→ **WHAT TO WORK ON**
Only the lines from the beginning of the entries through the one with "عماد النحاس يكشف" should be written out, please, exactly and without any pictures.

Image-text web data
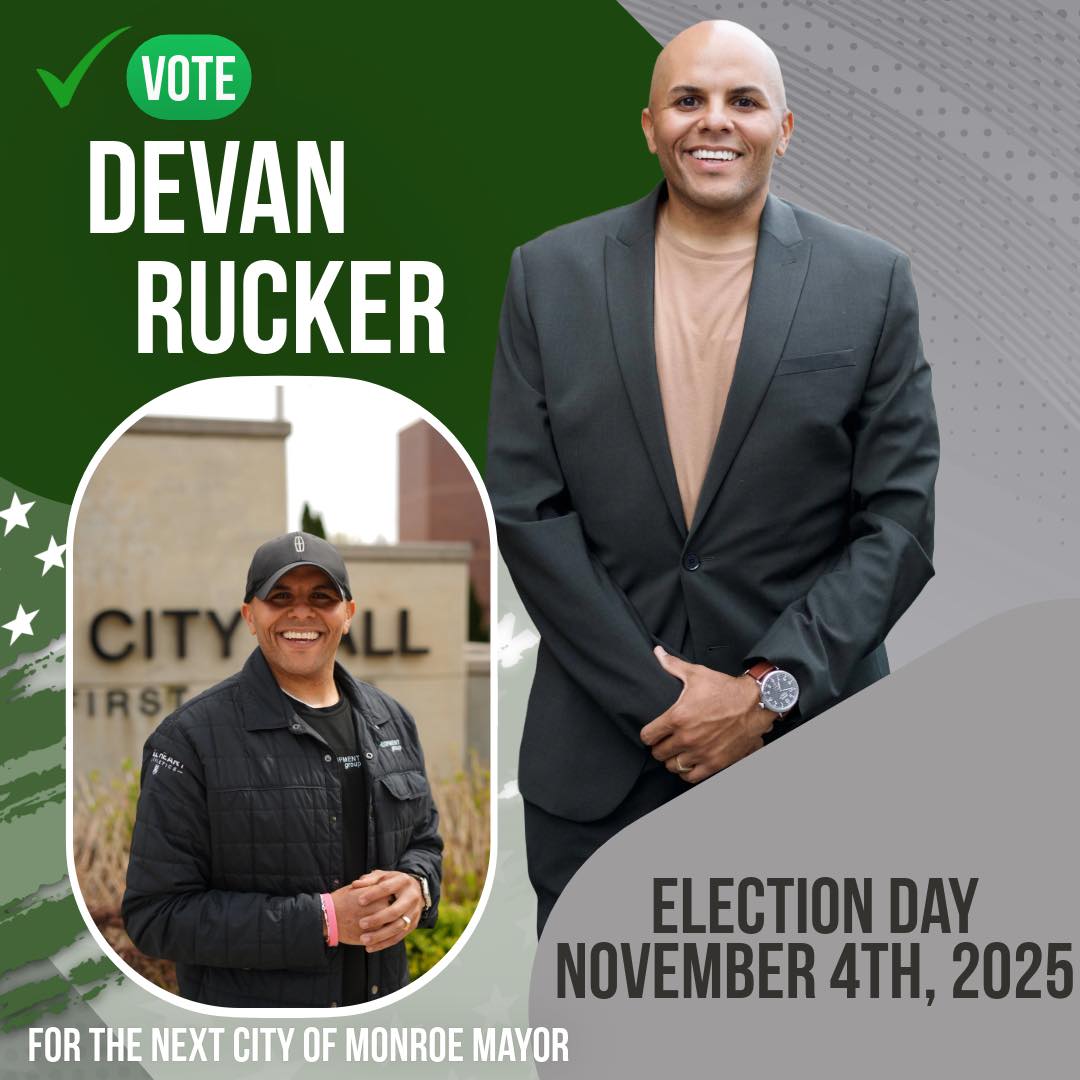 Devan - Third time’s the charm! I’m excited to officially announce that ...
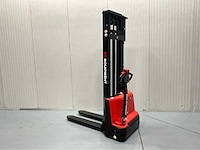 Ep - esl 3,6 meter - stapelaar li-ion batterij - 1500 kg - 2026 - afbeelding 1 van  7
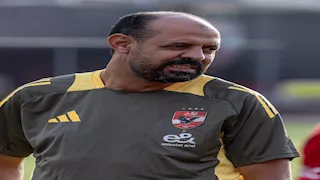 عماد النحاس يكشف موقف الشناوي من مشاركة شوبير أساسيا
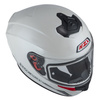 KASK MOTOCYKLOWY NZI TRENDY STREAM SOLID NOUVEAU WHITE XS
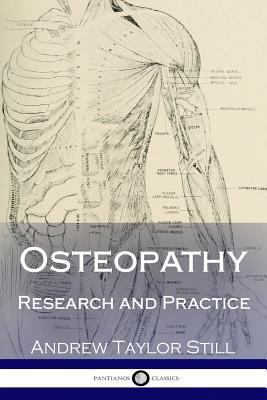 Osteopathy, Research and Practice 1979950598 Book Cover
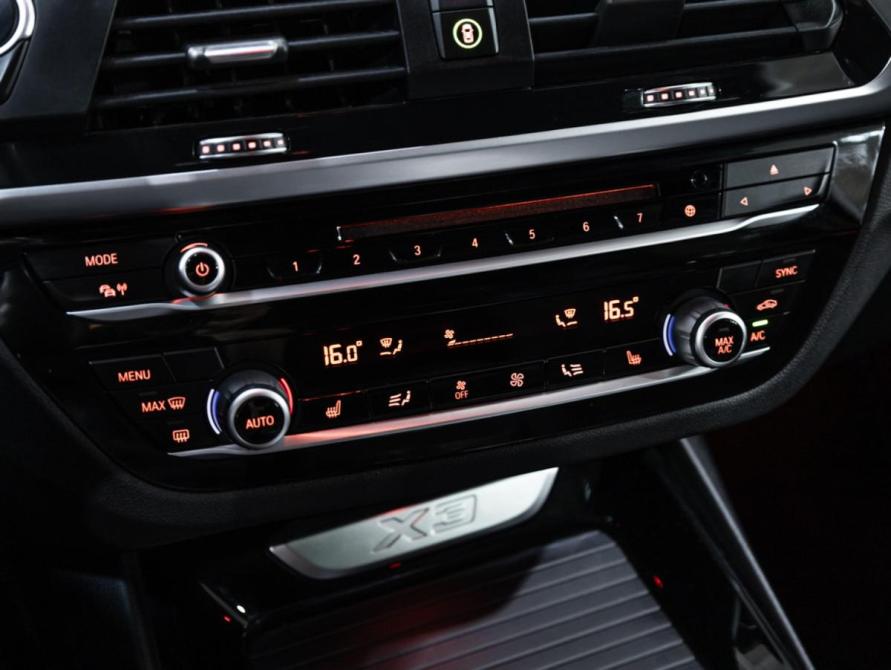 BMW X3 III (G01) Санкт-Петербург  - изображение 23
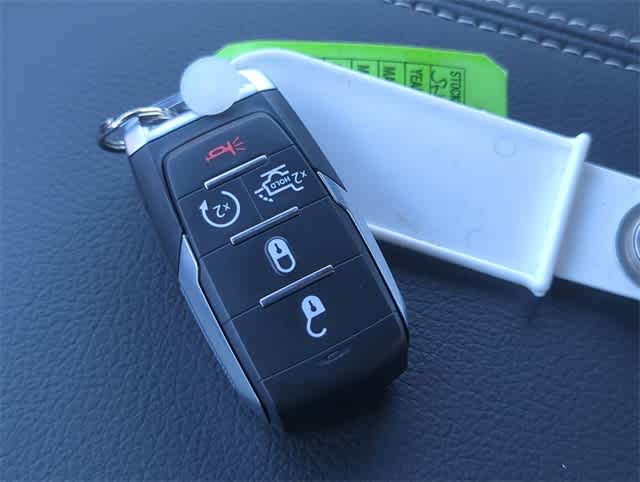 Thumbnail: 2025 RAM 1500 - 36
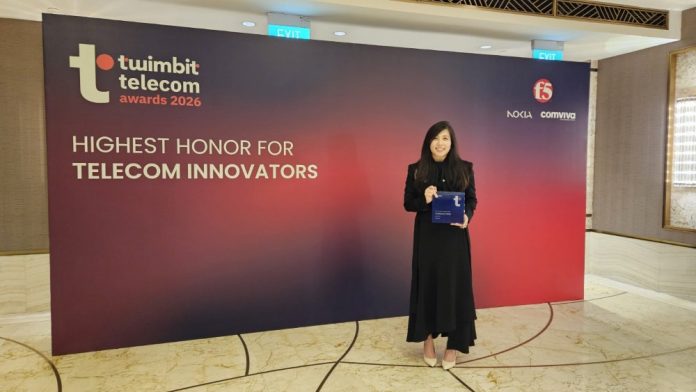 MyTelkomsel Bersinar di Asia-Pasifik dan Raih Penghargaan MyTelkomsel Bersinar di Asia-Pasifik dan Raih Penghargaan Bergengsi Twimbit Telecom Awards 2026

→ **SOLUTION**
 Devan - Third time’s the charm! I’m excited to officially announce that ...
 Ep - esl 3,6 meter - stapelaar li-ion batterij - 1500 kg - 2026 - afbeelding 1 van  7
 عماد النحاس يكشف موقف الشناوي من مشاركة شوبير أساسيا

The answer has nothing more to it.